▶ Study material:
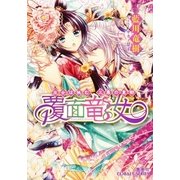 覆面竜女 巫女は挑む、三鼎の皇都 (覆面竜女シリーズ)（コバルト文庫） [電子書籍]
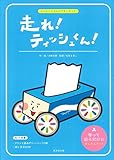 わくわくパネルシアターキット走れ!ティッシュくん ([バラエティ])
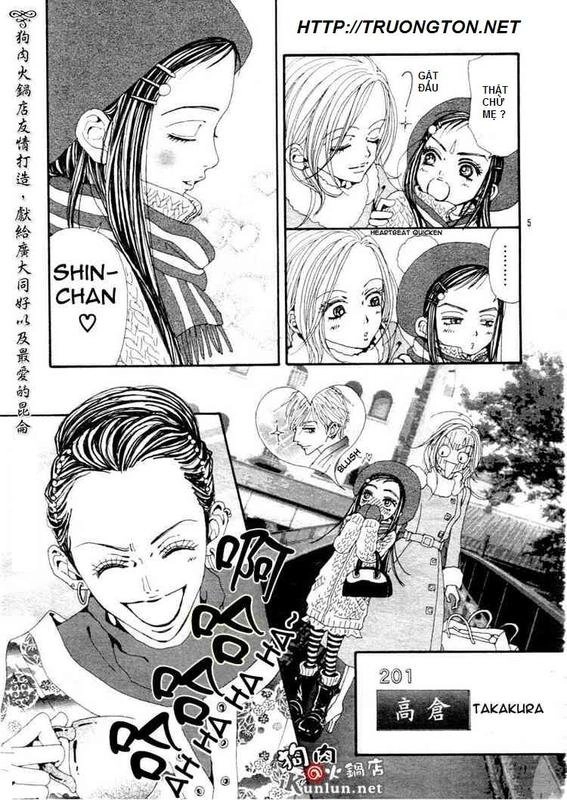 Nana Chapter 70 - 7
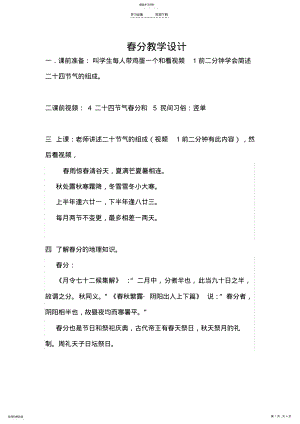 2022年赵华-《春分》校本课程教学设计 .pdf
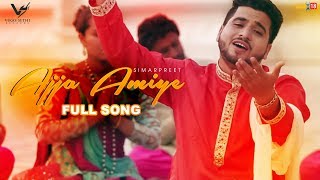 Ajja amiye | simarpreet | latest bhajan 2017 | navratri special 2017 | vs records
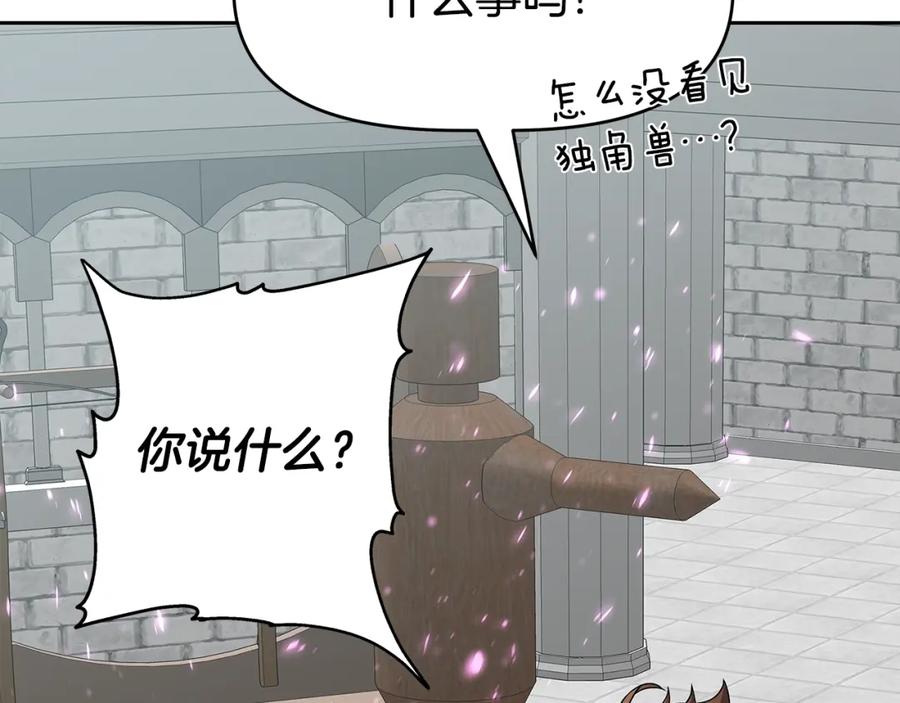 《暴躁龙王的重来人生》第25话 宿命之敌 第42页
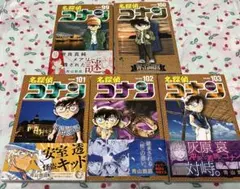 名探偵コナン　漫画　99巻〜103巻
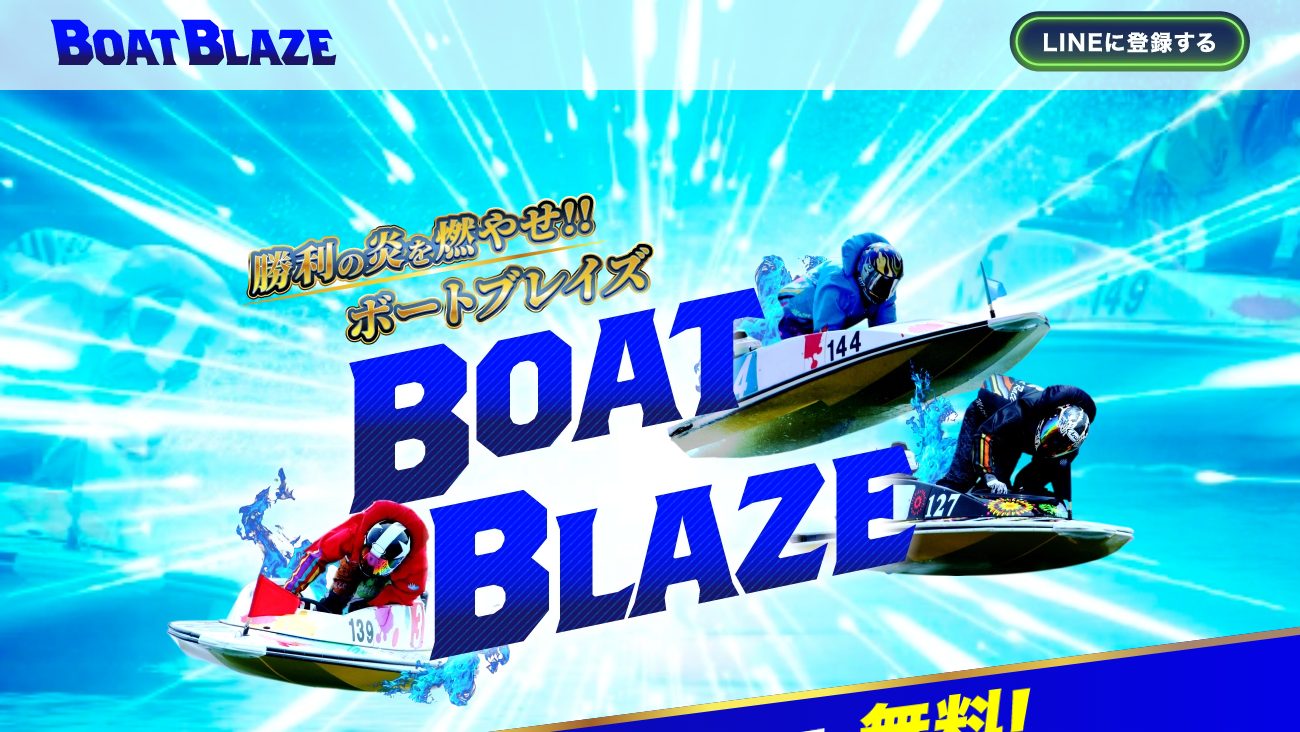 ボートブレイズの公式サイト画面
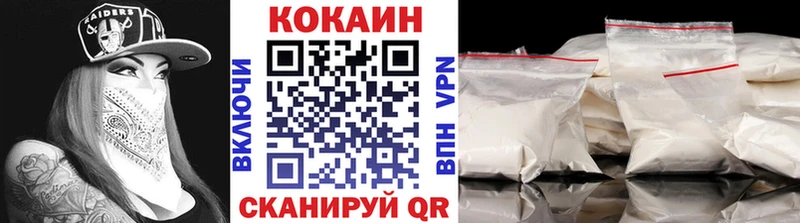 продажа наркотиков Боровичи COCAIN Колумбийский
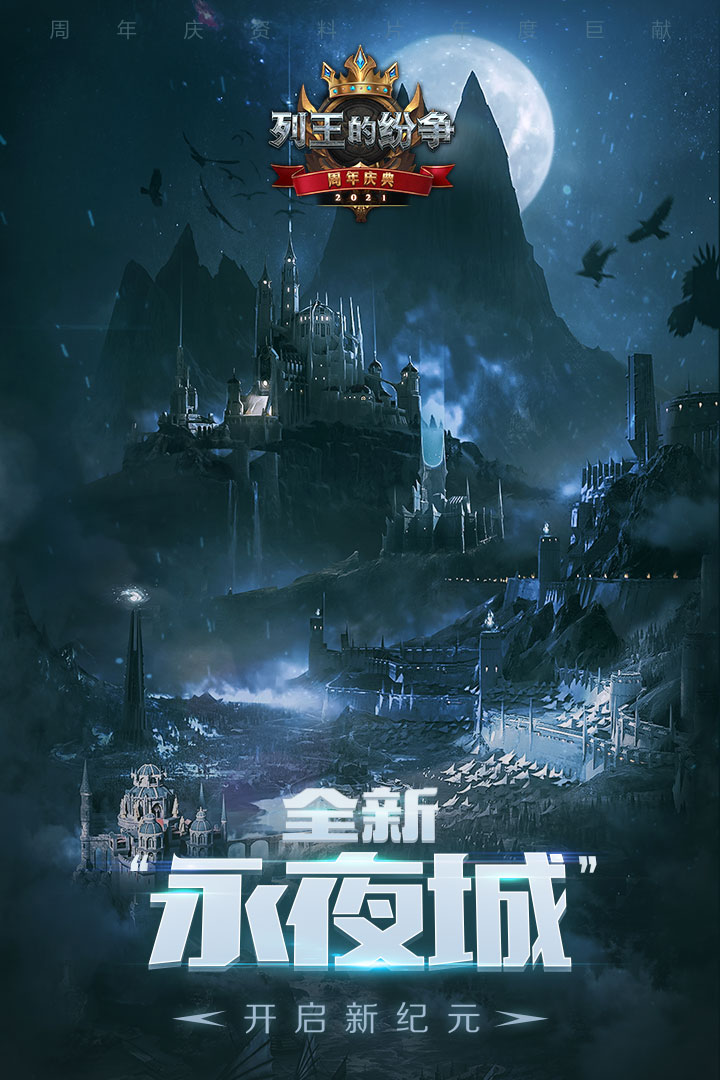 列王的纷争最新版下载 v11.00.0 安卓版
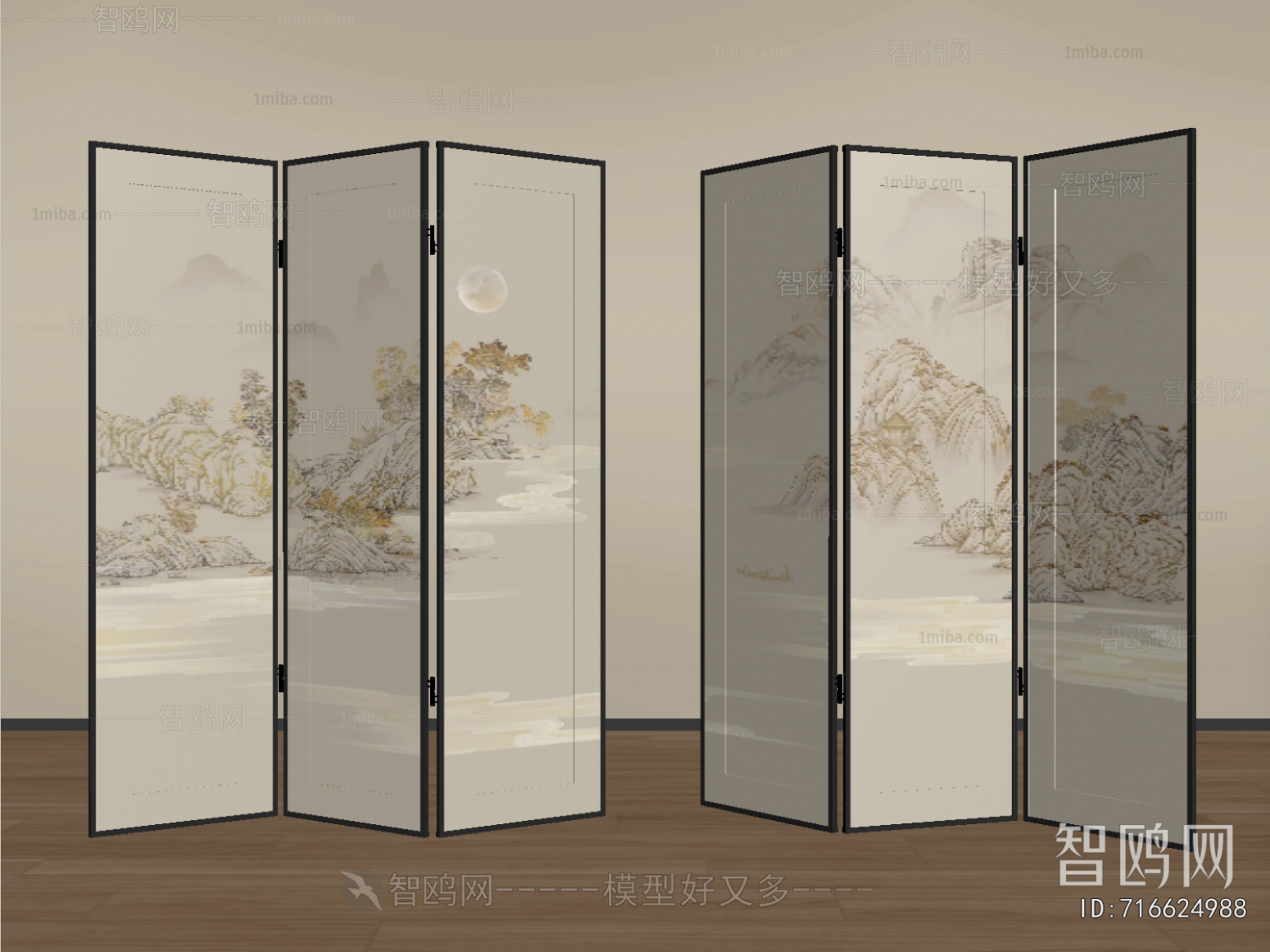 New Chinese Style Partition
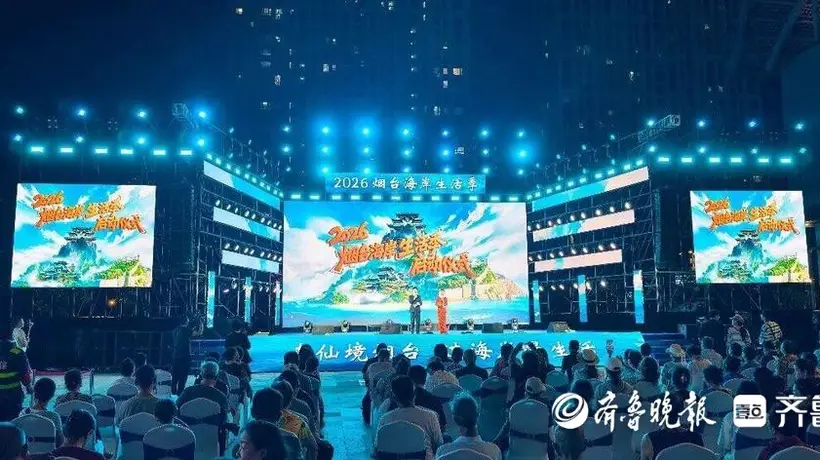 2026烟台海岸生活季启幕 多元活动邀你共赴仙境海岸漫体验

▶ Your objective: The full listing above, duplicated exactly and without its pictures, is the answer.

▶ Result:
 覆面竜女 巫女は挑む、三鼎の皇都 (覆面竜女シリーズ)（コバルト文庫） [電子書籍]
 わくわくパネルシアターキット走れ!ティッシュくん ([バラエティ])
 Nana Chapter 70 - 7
 2022年赵华-《春分》校本课程教学设计 .pdf
 Ajja amiye | simarpreet | latest bhajan 2017 | navratri special 2017 | vs records
 《暴躁龙王的重来人生》第25话 宿命之敌 第42页
 名探偵コナン　漫画　99巻〜103巻
 ボートブレイズの公式サイト画面
 продажа наркотиков Боровичи COCAIN Колумбийский
 列王的纷争最新版下载 v11.00.0 安卓版
 New Chinese Style Partition
 2026烟台海岸生活季启幕 多元活动邀你共赴仙境海岸漫体验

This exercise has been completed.